Réquiem para Rachel de Queiroz
Cearense de Fortaleza, Rachel de Queiroz nasceu no dia 17 de novembro de 1910. E morreu no dia 4 de novembro, portanto às vésperas de completar 93 anos. Ao longo destes anos, tão bem vividos, ela foi sempre uma admirável escritora, que ainda há pouco tempo lançou o livro Tantos anos, escrito a quatro mãos com a irmã Maria Luíza. “Sem ela, não haveria livro, que me arrancou à força. Trabalhamos juntas durante quatro anos, ela me perguntando e eu respondendo”, contava a autora de livros consagrados e referenciais, como O Quinze - escrito quando tinha apenas 20 anos, uma obra pronta e acabada, que a consagrou no universo literário do país. Escreveu também Lampião, A beata Maria do Egito, João Miguel, Caminho de pedras, O galo de ouro, Memorial de Maria Moura, Dôra Doralina e As três Marias, seus dois melhores romances.

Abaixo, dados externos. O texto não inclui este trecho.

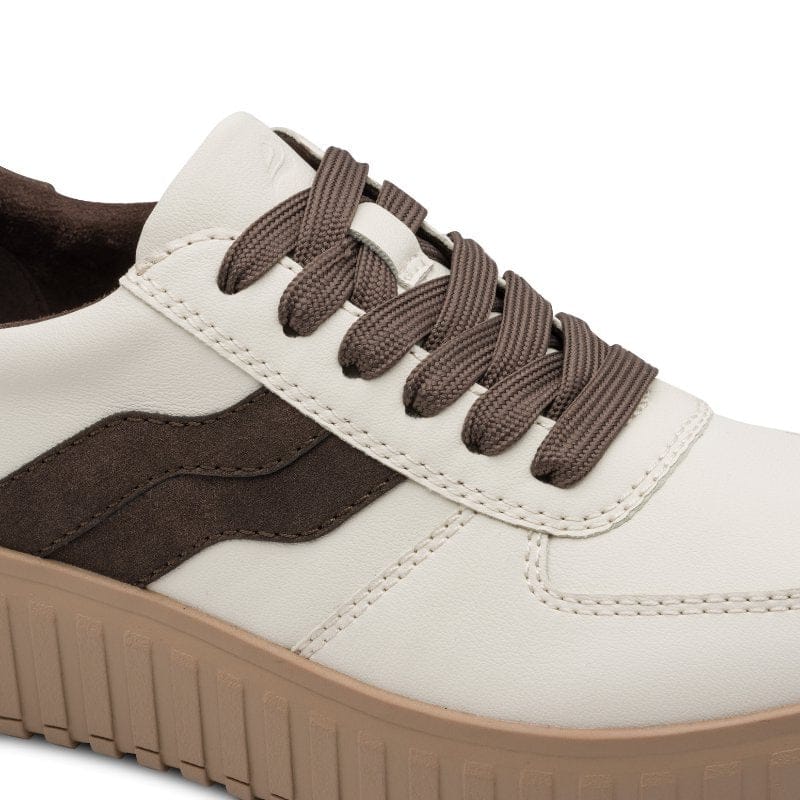 Jana Womens Jana Womens Beige Side Zip Wide Fit Fashion Trainer 8-23666-45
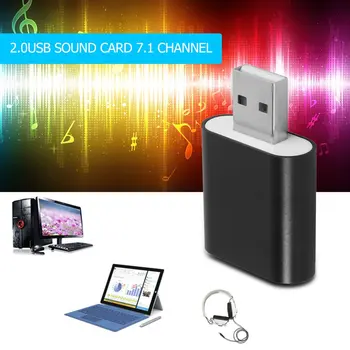 

Aluminum Alloy 3D Stereo 7.1 Channel USB Audio Sound Adapter Mic Speaker Audio With Two 3.5mm Jacks Converter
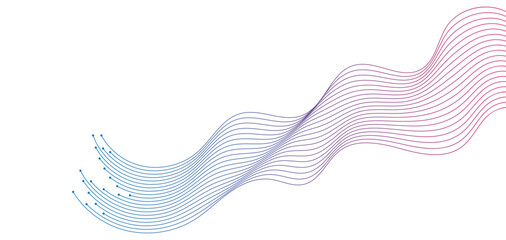Flowing Dot Wave halftone gradient pattern on transparent background 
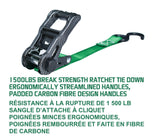1,500-lb Carbon Ratchet Tie Downs, Weatherproof, 1-in x 14-ft, 4-pk, Green U0M3 - product image 4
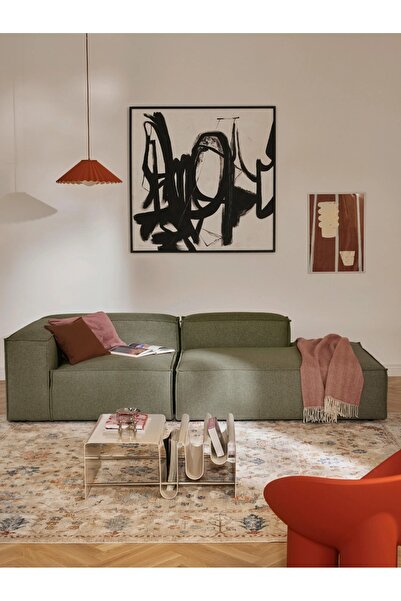 S Home Design Concept Frida Mini Dinlenme Puf Kanepe Köşe, Sağ Köşe, Keten Ya...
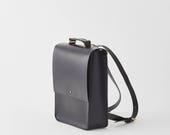 Emma - Boxy Black Leather Backpack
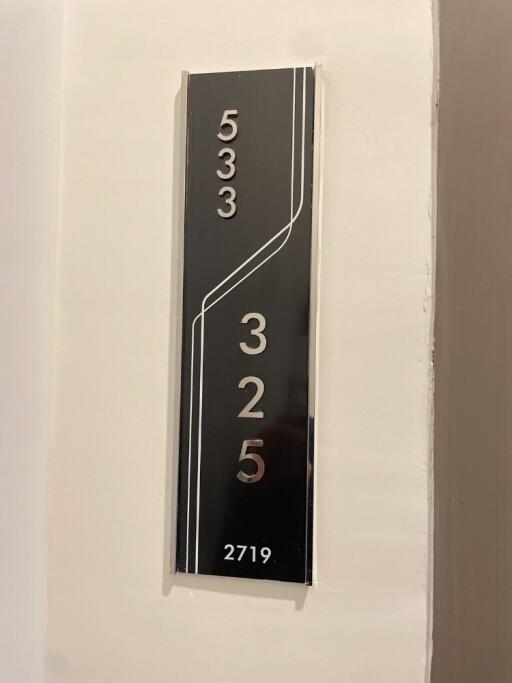 Apartment number sign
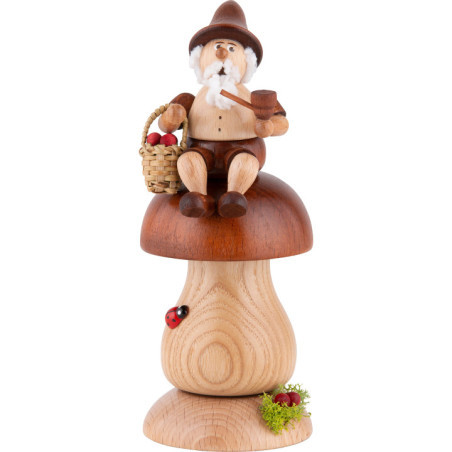 Smoker - Gnome on Brown Mushroom - 17 cm / 6.7 inch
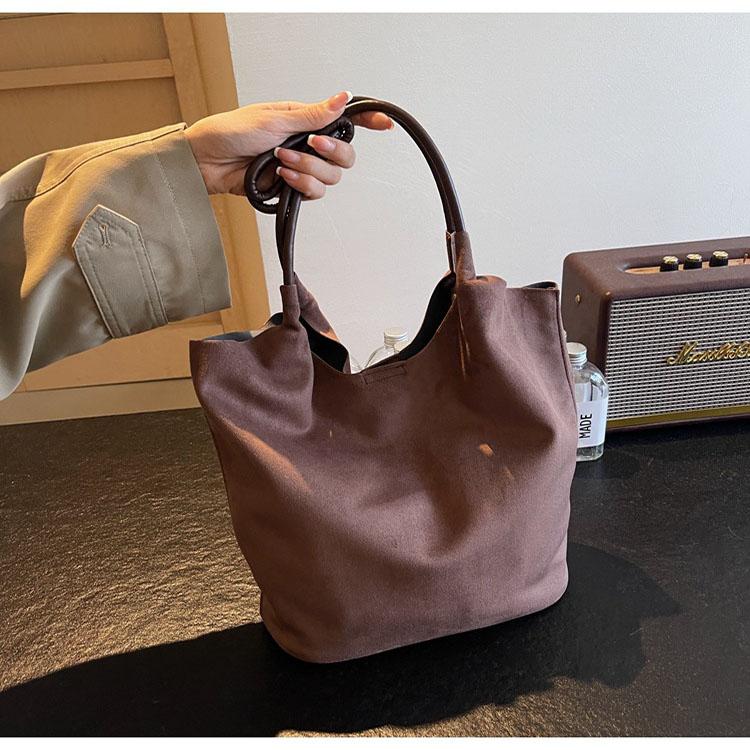 Осенне-зимняя винтажная женская сумка большой емкости из замши — фото 14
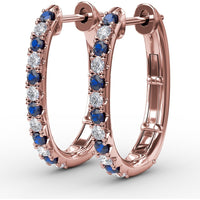 Hoop Earrings with Alternating Shared-Prong Round Sapphires and Diamonds by Fana - 0.78 Carat Total Gemstone Weight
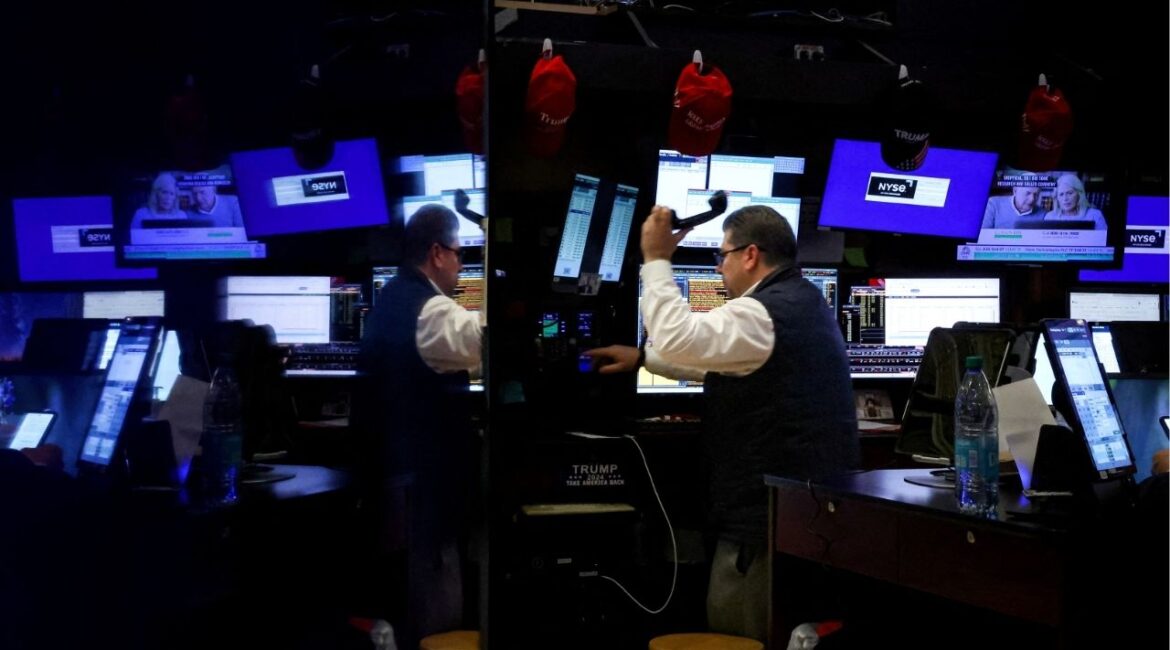 A trader works on the floor at the New York Stock Exchange (NYSE) in New York City, U.S., April 15, 2025. (REUTERS File)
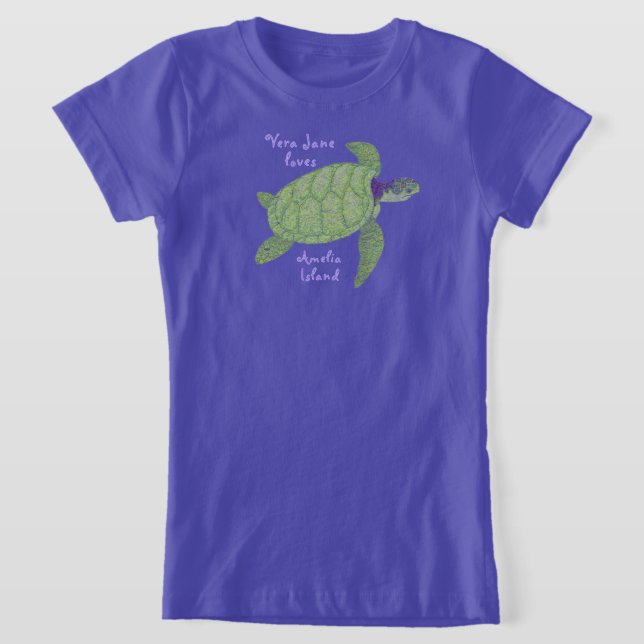 Cute Amelia Island Florida Sea Turtle T Shirt (Laydown)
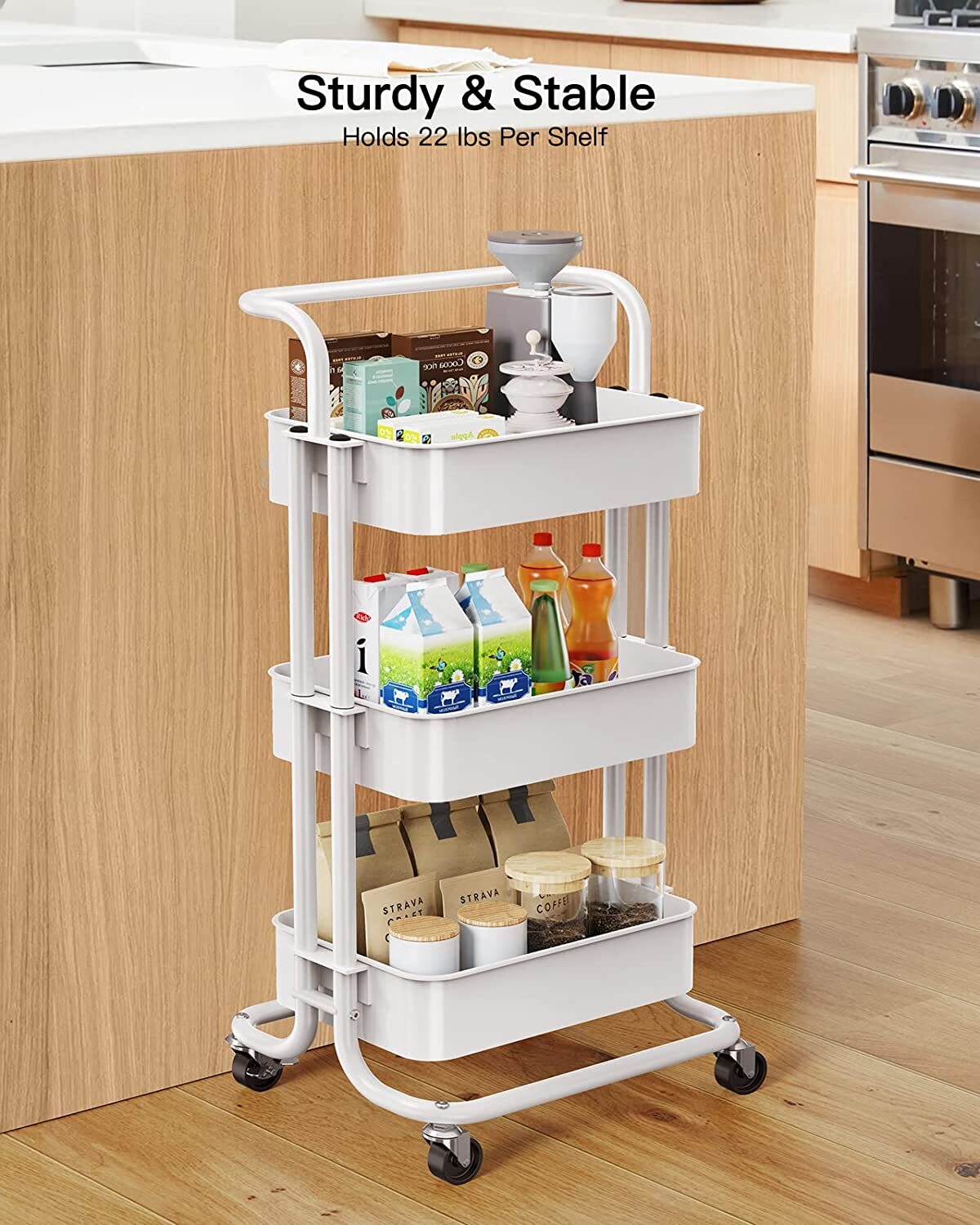 Rolling Utility Cart， 3-Tier Kitchen Organization Cart with Lockable Wheels， Multi-Functional Storage Trolley for Office， Living Room， Kitchen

Transparente, coerente e sincera, com a sensibilidade nordestina à flor da pele, Rachel ofereceu-nos sempre uma permanente lição de fidelidade à sua vida de contadora de histórias. Poucos autores conseguiram, melhor do que ela, escrever com tanta desenvoltura e simplicidade. Sua prosa é sóbria, coloquial e escorreita; trafega, límpida, fagueira e impávida, pelos olhos do leitor, sem transbordamentos, sem excessos e sem retumbâncias, dentro de uma narrativa não raro dramática, com enfoque especial contra os estamentos preconceituosos da aristocrática sociedade de então.
Foi a pioneira da temática social no romanceiro nordestino: dos paraibanos José Américo, José Lins do Rêgo e Ariano Suassuna; do pernambucano Gilberto Freyre; do alagoano Graciliano Ramos; do sergipano Amando Fontes e do baiano Jorge Amado.
Foi pioneira também na Academia Brasileira de Letras, a primeira mulher a eleger-se em nossos quadros de Membros Efetivos, para a Cadeira n.º 5, na sucessão de Cândido Mota Filho. O presidente Jânio Quadros quis nomeá-la ministra da Educação, mas ela não aceitou o convite, por entender que uma professora do Ceará não devia ocupar um Ministério. E se perguntava: “Como continuar sendo escritora e ministra ao mesmo tempo?”
Revelava que aos 20 anos já estava no Partido Comunista: “Logo cedo, porém, vi que era impossível a convivência de pessoas inteligentes com comunistas militantes. Dois anos depois, rompi com o partido, quando ele censurou uma peça minha e quis me obrigar a fazer uma auto-censura. Fui então expulsa solenemente. Chamaram-me até de policial-fascista, embora ainda hoje me tenho como socialista e, por isto mesmo, estou a milhares de quilômetros da Rússia”.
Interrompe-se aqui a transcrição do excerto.